3 min read

Permissible Purpose

Permissible purpose.

It is a legal term. It has been used to regulate the use of certain kinds of sensitive data for advertising and other legitimate direct mail and CRM marketing purposes in the past. It was the core principle behind the Fair Credit Act of 1970 that holds organizations responsible for the proper use of consumer credit information.

As we set up to hear and (perhaps in part) judge two days of Congressional testimony from Mark Zuckerberg of Facebook – he released his prepared remarks that outline Facebook policies and the litany of actions the company has taken to secure the data they collect from users. To his credit, the prepared statement is pitched in a manner that recognizes the issues involved and the social responsibility that Facebook has going forward.

The position of Facebook may, in part, be summarized in one of Zuckerberg’s prepared remarks:

“It's not enough to just connect people, we have to make sure those connections are positive. It's not enough to just give people a voice, we have to make sure people aren't using it to hurt people or spread misinformation. It's not enough to give people control of their information, we have to make sure developers they've given it to are protecting it too. Across the board, we have a responsibility to not just build tools, but to make sure those tools are used for good.”

Through a certain lens this underlying statement may be about how Facebook plans to adopt responsibility for assuring that access to its user information will require that its advertisers and account holders have a beneficial “permissible purpose." Perhaps this loaded legal phrase should serve as a linchpin for first and third party data collectors and data brokers going forward.

Some would say the problem is that collection of data is allowed at all. Some would say that any collection, holding, or using, of the identity of a person for marketing purposes is the problem. Some would say that targeting any user without opt-in permission should be prohibited.

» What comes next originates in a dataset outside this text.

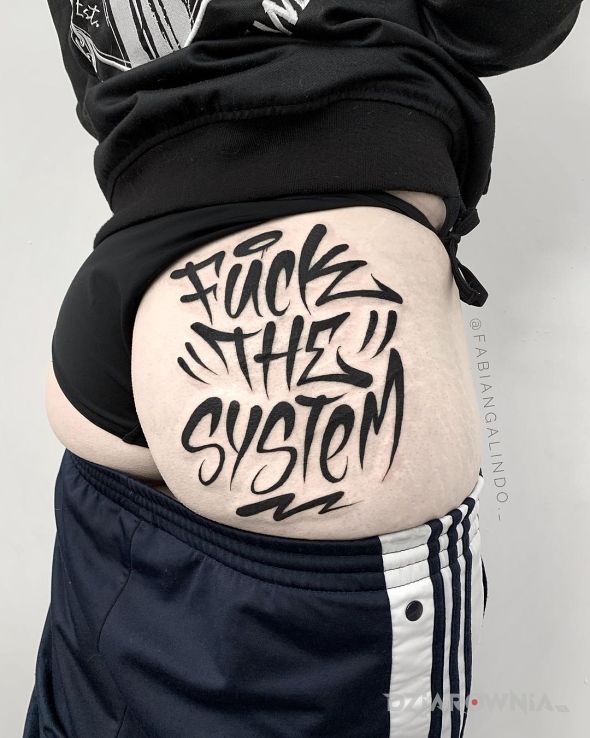 Tatuaż fuck the system w motywie napisy i stylu graffiti na pośladkach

The challenge of overreaction is real when you consider the commercial impact and enforcement of a no-data, no-user information policy. In the online world are we ready to accept that the Freemium model is no longer possible? Are users ready to write off the discovery of the long-tail products, which are only made viable through the ethical application of online targeting? Does Facebook, Google or a retailer no longer have the right to cross-sell or promote advertising services to their first party account holders or search visitors? Are we ready to declare Internet advertising a region broadcast business model where only the big-boys can play?

Writing off consumer-based direct marketing as an opt-in only solution would not only crush Internet commerce – it would elevate all kinds of bad actors to enter into the ecosystem – perhaps poisoning the Internet well, and accelerating dysfunction.

Privacy is too important to ignore and it is too impactful to the consumer and the economy to simply have a protectionist response. Consumers, politicians and marketers need to embrace a rational and balanced approach.

Toward that end, marketers need to step up to a common code of conduct that requires “permissible purpose” in the collection, management and application of any user data. Marketers need to be transparent about it, and while erasing the user ID may satisfy the crowd at the moment, the balanced response may be to give consumers the ability to “adjust their settings” on what they are willing to share publicly.

At the moment, consumers need better assurance from marketers that the advertising being targeted their way is the result of a legitimate and good faith marketing purpose that was designed to benefit them. First party information that is beyond publicly available information about a consumer, should be restricted to those that actually have permissible purpose. The default owner of the data should be the organization with a direct commercial relationship in place with a user, and they should only be able to sell access to those users if they can guarantee a permissible purpose.

Consumers also need a clear path to opt-out – they always should be able to exercise their choice to opt-out in much the same way as they have the right to opt-out of telemarketing or the receipt of junk postal mail.

Finally, Congress needs to not take the bait. Overreaction or the exercise of partisan demons over 2016 will not help us address our privacy challenges. Congress should require that the Internet, and Internet marketers in particular, adopt an agreed upon code of conduct for user information where the collection and application of data always has a “permissible purpose” that will not place a user or their reputation at risk.